I must tell you that I found out something just this week that really surprised me. I'm finding it distracting. Monday, you'll know what it is.
Meanwhile, some of the dialogue about Pope Benedict remarks which inflamed a number of Muslims has been addressed in one of the blogs that the local paper has posted, Perspectives on Islam for September 18. I find myself largely agreeing it, but also sympathetic to one of the replies:
Although it is true that Mohammad did conquer the Arab world by the sword, (as did the Catholic Church I might add - - they took religion seriously in the old days), I don't see the relevance in using this quote by Benedict. Wasn't he trying to "open a dialogue" between Christians and Muslims?
Actually, I believe was trying to do just that.
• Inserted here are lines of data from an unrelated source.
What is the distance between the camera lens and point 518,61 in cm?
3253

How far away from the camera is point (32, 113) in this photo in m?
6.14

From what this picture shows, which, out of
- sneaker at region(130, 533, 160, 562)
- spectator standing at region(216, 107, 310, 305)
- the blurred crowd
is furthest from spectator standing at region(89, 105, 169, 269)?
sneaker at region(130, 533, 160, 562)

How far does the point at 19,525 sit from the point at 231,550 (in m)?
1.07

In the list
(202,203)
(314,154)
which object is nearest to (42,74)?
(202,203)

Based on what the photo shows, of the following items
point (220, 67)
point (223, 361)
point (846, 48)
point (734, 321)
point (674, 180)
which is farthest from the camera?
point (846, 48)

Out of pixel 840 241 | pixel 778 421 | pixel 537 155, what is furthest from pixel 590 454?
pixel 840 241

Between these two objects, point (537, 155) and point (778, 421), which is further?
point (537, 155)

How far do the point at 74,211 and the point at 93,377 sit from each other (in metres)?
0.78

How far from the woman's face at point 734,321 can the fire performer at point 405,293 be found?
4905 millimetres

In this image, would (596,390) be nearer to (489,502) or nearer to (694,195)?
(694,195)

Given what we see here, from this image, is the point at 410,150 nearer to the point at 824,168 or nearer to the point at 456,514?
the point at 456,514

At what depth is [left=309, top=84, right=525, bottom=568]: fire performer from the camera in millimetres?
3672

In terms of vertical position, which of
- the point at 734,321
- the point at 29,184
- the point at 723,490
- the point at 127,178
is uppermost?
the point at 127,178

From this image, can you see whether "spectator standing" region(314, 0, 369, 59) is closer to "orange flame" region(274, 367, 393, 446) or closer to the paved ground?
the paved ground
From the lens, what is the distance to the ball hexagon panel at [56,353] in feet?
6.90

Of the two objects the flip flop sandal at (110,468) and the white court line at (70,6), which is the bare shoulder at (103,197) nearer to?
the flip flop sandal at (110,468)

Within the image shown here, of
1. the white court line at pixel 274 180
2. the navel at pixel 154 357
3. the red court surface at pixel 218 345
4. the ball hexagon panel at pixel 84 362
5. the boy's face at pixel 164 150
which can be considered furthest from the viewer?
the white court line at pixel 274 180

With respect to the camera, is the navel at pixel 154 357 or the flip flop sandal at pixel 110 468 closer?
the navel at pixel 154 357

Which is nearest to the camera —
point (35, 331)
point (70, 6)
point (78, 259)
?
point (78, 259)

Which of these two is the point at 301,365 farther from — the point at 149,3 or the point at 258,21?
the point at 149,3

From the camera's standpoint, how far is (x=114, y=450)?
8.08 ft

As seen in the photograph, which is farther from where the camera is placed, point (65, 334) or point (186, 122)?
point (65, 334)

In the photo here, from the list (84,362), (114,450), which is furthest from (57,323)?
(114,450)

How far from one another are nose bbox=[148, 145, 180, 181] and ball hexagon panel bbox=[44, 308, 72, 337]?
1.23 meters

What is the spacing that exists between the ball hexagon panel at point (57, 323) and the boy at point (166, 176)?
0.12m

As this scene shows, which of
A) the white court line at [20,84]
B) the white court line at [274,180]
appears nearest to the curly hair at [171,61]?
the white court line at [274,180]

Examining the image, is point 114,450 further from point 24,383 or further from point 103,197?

But it seemed injudicious to assume that people are going to recognize the nuance he seemed to be attempting to achieve, and naive to think that the inflammatory language wouldn't be the lead story, rather than the speech as a whole.
Also, his "apology" referred to being sorry for the "reaction" to his quote, not using the quote itself!
And why did it take four days to even respond at all?
So what do you think? More importantly, how can we achieve greater communication among peoples of various religions and faiths? I've always been a fan of ecumenical and interfaith services and activities, but those heal the world only a little at a time, while an event such as the Pope's speech, even if it has been exploited by certain parties, only widens the gap.
I suppose I want to ask you if you think George W. Bush IS the devil, as Hugo Chavez said at the UN, but not even I believe that. I don't THINK I do. The event did generate one of those classic New York Daily News headlines" "Zip It!"